You are viewing a plain text version of this content. The canonical link for it is here.

Posted to xindice-users@xml.apache.org by Thomas Sempf <xi...@chaosmachine.de> on 2002/01/14 12:53:10 UTC

Speed issue

Hello,

i have a question concerning the speed of xindice. I have some xml-files 
in the db, about 1200 files with 8.5 Meg. It´s only text, with some 
attributes and tags. When i start a xpath query for a specific word, it 
takes very long, about 1 Minute. Is it possible to set an index for a 
specific word? Or is it only possible for tags and attributes?
I use the cvs version of xindice and during the build i saw some message 
about debugging code and no optimization. Is there something to optimize?

With regards
Thomas Sempf

Re: Speed issue

Posted by Murray Altheim <mu...@sun.com>.

Tom Bradford wrote:
[...]
> > I use the cvs version of xindice and during the build i saw some
> > message about debugging code and no optimization. Is there something to
> > optimize?
> 
> We've approached this first version of Xindice abiding by the basic
> rules of software optimization, so there has been absolutely no
> optimization done to any of the code.  Our goal with this first release
> is to nail down functionality, we'll worry about performance later on.
> Unfortunately, there's only so much you can do with Java, so we'll be
> somewhat limited.  I do have some thoughts on this, and will get around
> to jotting them down some day soon.

Speaking as a developer, not as a Sun employee (people who know me know
I'm not exactly "corporate" despite liking where I work), I've not found 
Java's performance to be lagging much at all when certain principles are 
followed. There's a number of good Java performance books on the market 
(eg. "Java 2 Performance and Idiom Guide" by Larman and Guthrie) which 
not only help you improve your application's speed but your coding
practices as well.

I've noted significant differences by just minimizing String creation (!),
fixing my misunderstanding of how arrays and StringBuffers work in Java, 
and using various other tricks (such as JIT compilers and playing with 
the VM settings). With intelligent use of indices in Xindice, you should
also be able to improve the performance. In something as String intensive
as Xindice I expect there's lots of room for optimization.

Murray

...........................................................................
Murray Altheim                         <mailto:murray.altheim&#x40;sun.com>
XML Technology Center, Java and XML Software
Sun Microsystems, Inc., MS MPK17-102, 1601 Willow Rd., Menlo Park, CA 94025

            Corporations do not have human rights, despite the 
          altogether too-human opinions of the US Supreme Court.

Re: Speed issue

Posted by David BERNARD <dw...@java-fan.com>.

Hi,

> If an index is available for lname, it will be used, but *not* for a
> contains query because a contains query is essentially a substring
> search which can't benefit from index retrieval, so you're essentially
> doing a collection scan.  Also, because you're using //*, you're telling
> the XPath processor to look at every single element of every document to
> determine if it has a lname attribute (for the first one) or an lname
> element child (for the second one).  This is incredibly slow, even for a
> single document because the XPath processor is forced to visit every
> node instead of searching from the root.

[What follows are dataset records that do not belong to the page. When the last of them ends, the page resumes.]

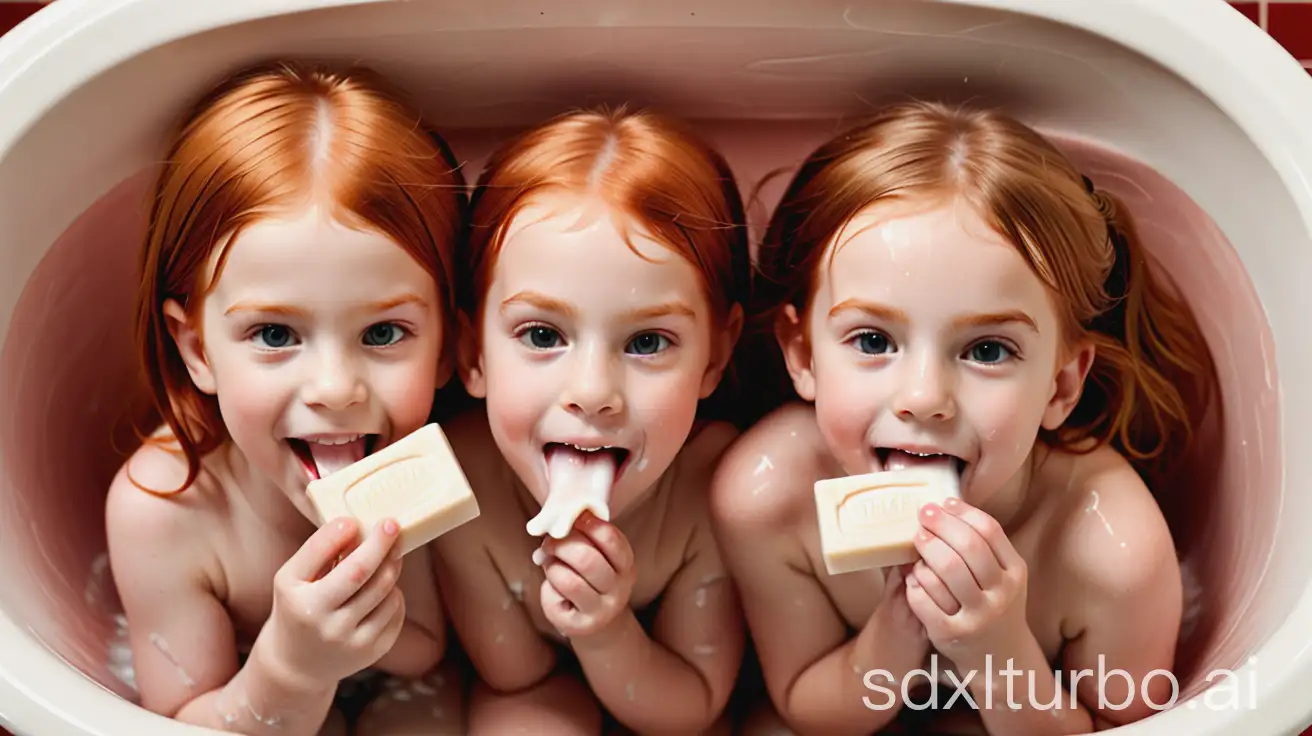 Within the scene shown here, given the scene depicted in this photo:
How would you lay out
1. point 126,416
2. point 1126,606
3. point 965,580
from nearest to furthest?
1. point 965,580
2. point 1126,606
3. point 126,416

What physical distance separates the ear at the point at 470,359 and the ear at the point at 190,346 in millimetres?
183

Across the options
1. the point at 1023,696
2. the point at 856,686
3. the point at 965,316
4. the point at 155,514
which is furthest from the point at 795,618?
the point at 155,514

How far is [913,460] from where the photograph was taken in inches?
37.5

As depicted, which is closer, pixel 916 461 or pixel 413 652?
pixel 916 461

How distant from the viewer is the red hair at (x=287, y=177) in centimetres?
95

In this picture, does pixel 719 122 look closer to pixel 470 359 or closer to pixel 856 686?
pixel 470 359

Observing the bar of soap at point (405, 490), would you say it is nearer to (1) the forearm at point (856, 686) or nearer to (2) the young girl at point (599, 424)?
(2) the young girl at point (599, 424)

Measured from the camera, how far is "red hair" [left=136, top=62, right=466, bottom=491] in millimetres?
947

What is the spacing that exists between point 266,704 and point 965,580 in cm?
50

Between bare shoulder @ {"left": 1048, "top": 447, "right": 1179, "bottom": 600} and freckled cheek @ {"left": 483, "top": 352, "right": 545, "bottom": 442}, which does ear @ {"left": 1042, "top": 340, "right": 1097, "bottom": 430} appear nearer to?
bare shoulder @ {"left": 1048, "top": 447, "right": 1179, "bottom": 600}

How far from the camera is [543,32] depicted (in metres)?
1.03

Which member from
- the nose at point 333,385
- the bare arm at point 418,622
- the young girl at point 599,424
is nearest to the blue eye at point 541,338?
the young girl at point 599,424

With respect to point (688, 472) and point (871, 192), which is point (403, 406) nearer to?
point (688, 472)

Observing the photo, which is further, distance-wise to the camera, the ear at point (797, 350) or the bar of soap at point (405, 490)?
the ear at point (797, 350) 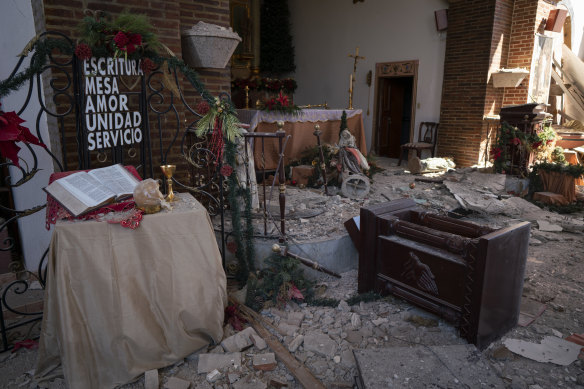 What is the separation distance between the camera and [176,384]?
229cm

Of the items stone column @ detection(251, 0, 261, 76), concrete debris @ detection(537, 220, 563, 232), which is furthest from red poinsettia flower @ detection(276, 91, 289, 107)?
stone column @ detection(251, 0, 261, 76)

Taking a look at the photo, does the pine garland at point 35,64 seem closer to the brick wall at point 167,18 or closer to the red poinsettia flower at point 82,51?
the red poinsettia flower at point 82,51

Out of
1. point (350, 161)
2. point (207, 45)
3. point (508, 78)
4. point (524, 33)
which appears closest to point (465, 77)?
point (508, 78)

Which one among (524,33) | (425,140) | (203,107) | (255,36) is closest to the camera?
(203,107)

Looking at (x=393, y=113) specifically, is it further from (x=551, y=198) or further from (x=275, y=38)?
(x=551, y=198)

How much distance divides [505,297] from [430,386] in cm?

I've recently work with search engine, and for your search I think
use a specific one (like lucene http://jakarta.apache.org/lucene/) should be better.
By exemple with Lucene you code your specific Document attribut and indeces definition.

In my current project, will use (integre) a search engine (for similary search) as service
for XML:DB (Xindice plan to use to store data).

-- 
--------------------------------------------------------------
David "Dwayne" Bernard             Freelance Developer (Java)
                                   mailto:dwayne@java-fan.com
      \|/                          http://dwayne.java-fan.com
--o0O @.@ O0o-------------------------------------------------

Re: Speed issue

Posted by Tom Bradford <br...@dbxmlgroup.com>.

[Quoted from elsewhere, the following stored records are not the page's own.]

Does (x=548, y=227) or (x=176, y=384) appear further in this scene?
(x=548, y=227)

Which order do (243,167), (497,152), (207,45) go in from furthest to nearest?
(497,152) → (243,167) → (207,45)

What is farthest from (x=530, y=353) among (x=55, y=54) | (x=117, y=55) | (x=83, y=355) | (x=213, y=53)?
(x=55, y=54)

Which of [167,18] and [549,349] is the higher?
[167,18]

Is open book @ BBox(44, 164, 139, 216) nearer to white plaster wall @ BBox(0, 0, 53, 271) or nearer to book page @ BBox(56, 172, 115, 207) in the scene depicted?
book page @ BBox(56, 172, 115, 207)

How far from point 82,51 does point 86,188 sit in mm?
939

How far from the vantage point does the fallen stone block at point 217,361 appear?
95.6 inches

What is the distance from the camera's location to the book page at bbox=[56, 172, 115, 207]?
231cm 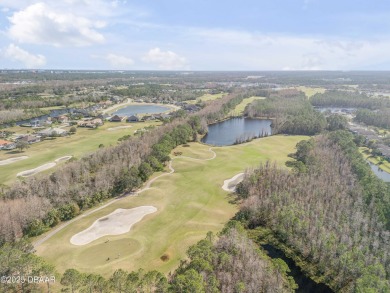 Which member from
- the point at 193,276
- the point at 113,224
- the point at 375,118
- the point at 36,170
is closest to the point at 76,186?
the point at 113,224

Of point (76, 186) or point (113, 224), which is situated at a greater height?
point (76, 186)

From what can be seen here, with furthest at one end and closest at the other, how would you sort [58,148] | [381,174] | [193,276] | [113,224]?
[58,148] < [381,174] < [113,224] < [193,276]

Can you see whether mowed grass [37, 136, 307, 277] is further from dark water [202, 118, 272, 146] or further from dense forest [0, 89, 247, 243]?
dark water [202, 118, 272, 146]

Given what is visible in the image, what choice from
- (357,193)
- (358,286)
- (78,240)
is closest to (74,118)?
(78,240)

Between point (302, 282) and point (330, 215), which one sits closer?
point (302, 282)

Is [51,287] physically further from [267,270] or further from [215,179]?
[215,179]

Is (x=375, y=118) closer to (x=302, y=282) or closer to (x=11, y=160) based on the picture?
(x=302, y=282) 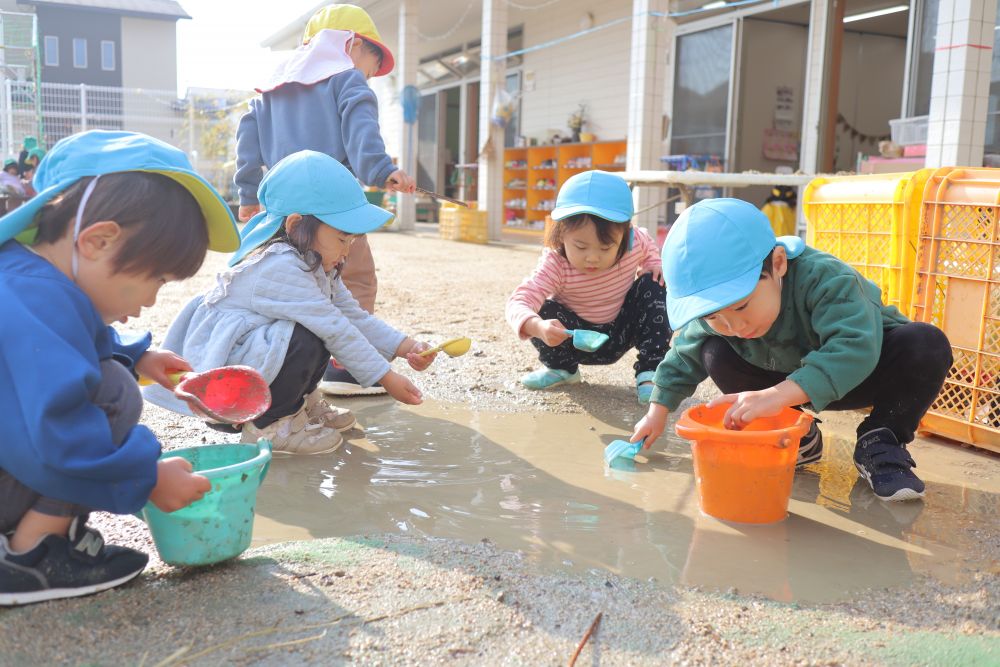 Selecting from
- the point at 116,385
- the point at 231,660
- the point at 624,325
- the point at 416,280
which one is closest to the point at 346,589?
the point at 231,660

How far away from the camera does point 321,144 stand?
336 cm

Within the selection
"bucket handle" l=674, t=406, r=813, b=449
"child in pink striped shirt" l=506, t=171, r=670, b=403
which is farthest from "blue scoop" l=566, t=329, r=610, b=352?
"bucket handle" l=674, t=406, r=813, b=449

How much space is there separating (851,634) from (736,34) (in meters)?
9.85

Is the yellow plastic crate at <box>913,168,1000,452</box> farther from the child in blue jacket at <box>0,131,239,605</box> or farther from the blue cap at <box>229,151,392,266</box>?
the child in blue jacket at <box>0,131,239,605</box>

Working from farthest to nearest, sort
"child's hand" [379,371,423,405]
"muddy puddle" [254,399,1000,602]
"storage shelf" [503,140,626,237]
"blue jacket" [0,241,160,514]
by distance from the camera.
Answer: "storage shelf" [503,140,626,237] < "child's hand" [379,371,423,405] < "muddy puddle" [254,399,1000,602] < "blue jacket" [0,241,160,514]

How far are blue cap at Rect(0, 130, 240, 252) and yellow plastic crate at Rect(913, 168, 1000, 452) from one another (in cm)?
208

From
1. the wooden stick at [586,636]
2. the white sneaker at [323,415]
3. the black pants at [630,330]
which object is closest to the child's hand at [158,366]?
the white sneaker at [323,415]

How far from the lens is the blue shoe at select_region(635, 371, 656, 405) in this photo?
10.2ft

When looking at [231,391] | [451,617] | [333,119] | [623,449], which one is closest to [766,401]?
[623,449]

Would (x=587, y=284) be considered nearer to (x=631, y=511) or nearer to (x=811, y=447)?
(x=811, y=447)

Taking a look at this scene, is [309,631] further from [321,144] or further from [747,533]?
[321,144]

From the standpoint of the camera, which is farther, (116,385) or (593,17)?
(593,17)

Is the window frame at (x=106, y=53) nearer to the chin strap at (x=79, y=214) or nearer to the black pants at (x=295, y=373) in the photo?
the black pants at (x=295, y=373)

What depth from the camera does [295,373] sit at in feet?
7.88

On Wednesday, January 16, 2002, at 05:40 PM, Mark J. Stang wrote:
> Then using "contains" will be "incredibly slow", what do you advise for
> quicker searches?   Could you elaborate a bit on how slow/fast
> Xindice XPath searches are?   My favorites are Contains, Starts with and
> equals.

starts-with and boolean expressions are supported without any problems, 
and are generally resolved rather quickly using B+Tree indexing.  
Obviously, the overall performs depends on how large your collections 
are an how much data you're indexing.  The reason that contains() will 
never be quick is for this reason:

       F	  J	  P	  V
     |   |   |   |   |
     C   H   L   T   Y
   |   |   |   |   |   |
  And End Jet May Why Zap

If you performed a contains('nd'), you're really saying that you want 
any value that contains the character sequence 'nd' anywhere in the 
value.  In this case, And and End match the query, but And and End are 
in two different pages.  The indexing system collates starting at the 
beginning of the value, so there's no way to quickly find a value based 
on a substring, even if you were using a full-text index this wouldn't 
be a quick operation unless you performed the query:

    contains(' nd ')

In which case, the query processor might use logic that identifies 'nd' 
as being a whole word, in which case, some optimizations might be 
performed.

This is also the reason SQL queries that use LIKE "%value%" are so slow.

--
Tom Bradford - http://www.tbradford.org
Developer - Apache Xindice (Native XML Database) - http://xml.apache.org
Creator - Project Labrador (Web Services Framework) - 
http://notdotnet.org

Re: Speed issue

Posted by Steven Noels <st...@outerthought.org>.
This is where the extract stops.